Dearest Vacuum Cleaner,

It is your job to vacuum the floors. I only ask you to do this every week or two. The rest of the time you get to rest comfortably in the office closet. Because your working conditions are so favorable, I would appreciate less attitude when I do ask you to do a little work.

First, the odor you emit when I run you is completely unacceptable. Vacuuming while inhaling the stench of smelly feet does not make the chore any more tolerable. You have never been stored near feet or shoes, so there is no reason for you to smell that way. Your hygiene is questionable, at best.

Second, I could do with a little less attitude from you.

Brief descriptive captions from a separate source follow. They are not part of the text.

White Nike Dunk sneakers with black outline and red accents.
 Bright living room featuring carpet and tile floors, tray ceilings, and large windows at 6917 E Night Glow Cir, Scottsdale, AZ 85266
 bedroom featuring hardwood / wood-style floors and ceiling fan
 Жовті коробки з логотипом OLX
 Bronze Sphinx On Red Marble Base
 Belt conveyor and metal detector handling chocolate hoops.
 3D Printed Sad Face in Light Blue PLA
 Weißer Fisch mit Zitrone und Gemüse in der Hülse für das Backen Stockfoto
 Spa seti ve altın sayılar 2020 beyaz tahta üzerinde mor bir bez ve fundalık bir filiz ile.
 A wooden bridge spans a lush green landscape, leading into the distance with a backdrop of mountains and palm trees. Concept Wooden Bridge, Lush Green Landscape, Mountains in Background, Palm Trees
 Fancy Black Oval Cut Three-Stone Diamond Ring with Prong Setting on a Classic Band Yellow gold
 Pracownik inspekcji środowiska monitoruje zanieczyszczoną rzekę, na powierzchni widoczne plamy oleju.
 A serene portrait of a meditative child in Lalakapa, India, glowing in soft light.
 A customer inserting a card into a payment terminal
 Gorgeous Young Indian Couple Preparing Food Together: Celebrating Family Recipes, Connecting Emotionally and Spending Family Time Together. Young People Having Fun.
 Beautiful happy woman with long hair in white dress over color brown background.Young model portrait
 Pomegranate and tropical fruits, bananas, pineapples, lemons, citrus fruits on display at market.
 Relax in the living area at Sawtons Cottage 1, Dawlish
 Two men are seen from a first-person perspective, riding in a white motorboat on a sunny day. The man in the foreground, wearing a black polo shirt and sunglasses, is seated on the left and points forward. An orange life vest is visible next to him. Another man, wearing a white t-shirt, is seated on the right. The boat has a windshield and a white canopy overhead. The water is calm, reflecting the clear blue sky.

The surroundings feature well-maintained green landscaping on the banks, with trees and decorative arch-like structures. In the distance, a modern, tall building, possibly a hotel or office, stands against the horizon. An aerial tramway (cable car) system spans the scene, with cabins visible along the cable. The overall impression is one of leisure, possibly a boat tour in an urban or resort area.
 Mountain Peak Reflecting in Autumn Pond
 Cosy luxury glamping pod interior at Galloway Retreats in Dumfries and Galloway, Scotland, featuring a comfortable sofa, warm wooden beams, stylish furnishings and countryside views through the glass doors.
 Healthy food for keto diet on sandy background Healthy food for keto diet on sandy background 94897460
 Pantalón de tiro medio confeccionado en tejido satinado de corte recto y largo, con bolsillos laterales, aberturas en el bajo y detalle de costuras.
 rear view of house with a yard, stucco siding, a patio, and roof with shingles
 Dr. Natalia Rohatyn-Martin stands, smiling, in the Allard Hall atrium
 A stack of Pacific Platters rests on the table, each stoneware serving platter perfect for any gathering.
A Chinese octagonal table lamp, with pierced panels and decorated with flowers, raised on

While I am vacuuming, there is no need to squeal at such a high-pitched tone that even Gus runs under the bed. I should not have to wear headphones while vacuuming just to avoid a migraine. Which brings us to another point. If you did not make such racket, I would have never gotten out the headphones, which means I wouldn't have been rocking out to Prince's 1999 when the mail lady rang the doorbell with a package. I saw her laughing when I noticed her mid-twirl of the vacuum cord/microphone. I suspect she heard me singing through the door. Again, unacceptable.

Finally, it would be greatly appreciated if you did not retract the extend-o-hose back into yourself whenever I try to do a good job of sucking up bugs and leaves from the carpet. I know that I usually just bend over and throw the trash in front of you to suck up, but today I was trying to be thorough. When you retracted the hose and I had to yank on it and I bashed my head into the wall, I did not find that particularly amusing. Nor was it funny when the hose flew out of my hand and began thrashing about in the air. You're lucky that the dining room curtains were so firmly affixed to their rod and were able to sustain such treatment.

If you didn't want to vacuum, you shouldn't have become a vacuum cleaner. If you don't watch your step, you're going to find yourself on the curb with the rest of my white trash collection of bulk garbage. Yep, you'll be right there next to the big blue mattress leaning on my mailbox. What do you think about them apples?